(INPUT DATA begins)

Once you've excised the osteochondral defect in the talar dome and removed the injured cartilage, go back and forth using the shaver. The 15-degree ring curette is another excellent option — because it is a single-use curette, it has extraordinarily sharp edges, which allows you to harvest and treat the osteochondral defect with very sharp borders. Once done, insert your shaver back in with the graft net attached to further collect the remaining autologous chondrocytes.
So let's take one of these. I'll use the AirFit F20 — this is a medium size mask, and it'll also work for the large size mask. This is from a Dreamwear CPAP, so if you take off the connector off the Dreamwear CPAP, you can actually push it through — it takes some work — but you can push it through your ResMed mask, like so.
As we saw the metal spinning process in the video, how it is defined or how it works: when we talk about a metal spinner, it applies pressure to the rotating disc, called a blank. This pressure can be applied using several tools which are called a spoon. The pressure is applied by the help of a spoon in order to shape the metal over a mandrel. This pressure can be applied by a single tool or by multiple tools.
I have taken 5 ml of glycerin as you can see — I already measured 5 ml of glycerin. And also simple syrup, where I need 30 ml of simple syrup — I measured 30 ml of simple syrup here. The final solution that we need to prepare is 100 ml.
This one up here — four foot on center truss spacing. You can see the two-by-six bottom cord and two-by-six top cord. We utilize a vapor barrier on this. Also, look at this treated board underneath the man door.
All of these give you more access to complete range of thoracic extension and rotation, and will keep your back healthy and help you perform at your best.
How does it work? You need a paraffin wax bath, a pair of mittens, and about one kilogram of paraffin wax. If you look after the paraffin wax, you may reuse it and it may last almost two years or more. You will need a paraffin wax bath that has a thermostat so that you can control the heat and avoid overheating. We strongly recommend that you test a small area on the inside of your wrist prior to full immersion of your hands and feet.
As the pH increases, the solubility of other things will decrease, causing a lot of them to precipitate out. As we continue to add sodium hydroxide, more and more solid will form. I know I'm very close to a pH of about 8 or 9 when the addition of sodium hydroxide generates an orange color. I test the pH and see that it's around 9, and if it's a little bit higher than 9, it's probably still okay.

(INPUT DATA ends)

Lines from the top of the entries above to the line that contains "This one up" should be set down exactly, please, with both ends kept and nothing added.

Once you've excised the osteochondral defect in the talar dome and removed the injured cartilage, go back and forth using the shaver. The 15-degree ring curette is another excellent option — because it is a single-use curette, it has extraordinarily sharp edges, which allows you to harvest and treat the osteochondral defect with very sharp borders. Once done, insert your shaver back in with the graft net attached to further collect the remaining autologous chondrocytes.
So let's take one of these. I'll use the AirFit F20 — this is a medium size mask, and it'll also work for the large size mask. This is from a Dreamwear CPAP, so if you take off the connector off the Dreamwear CPAP, you can actually push it through — it takes some work — but you can push it through your ResMed mask, like so.
As we saw the metal spinning process in the video, how it is defined or how it works: when we talk about a metal spinner, it applies pressure to the rotating disc, called a blank. This pressure can be applied using several tools which are called a spoon. The pressure is applied by the help of a spoon in order to shape the metal over a mandrel. This pressure can be applied by a single tool or by multiple tools.
I have taken 5 ml of glycerin as you can see — I already measured 5 ml of glycerin. And also simple syrup, where I need 30 ml of simple syrup — I measured 30 ml of simple syrup here. The final solution that we need to prepare is 100 ml.
This one up here — four foot on center truss spacing. You can see the two-by-six bottom cord and two-by-six top cord. We utilize a vapor barrier on this. Also, look at this treated board underneath the man door.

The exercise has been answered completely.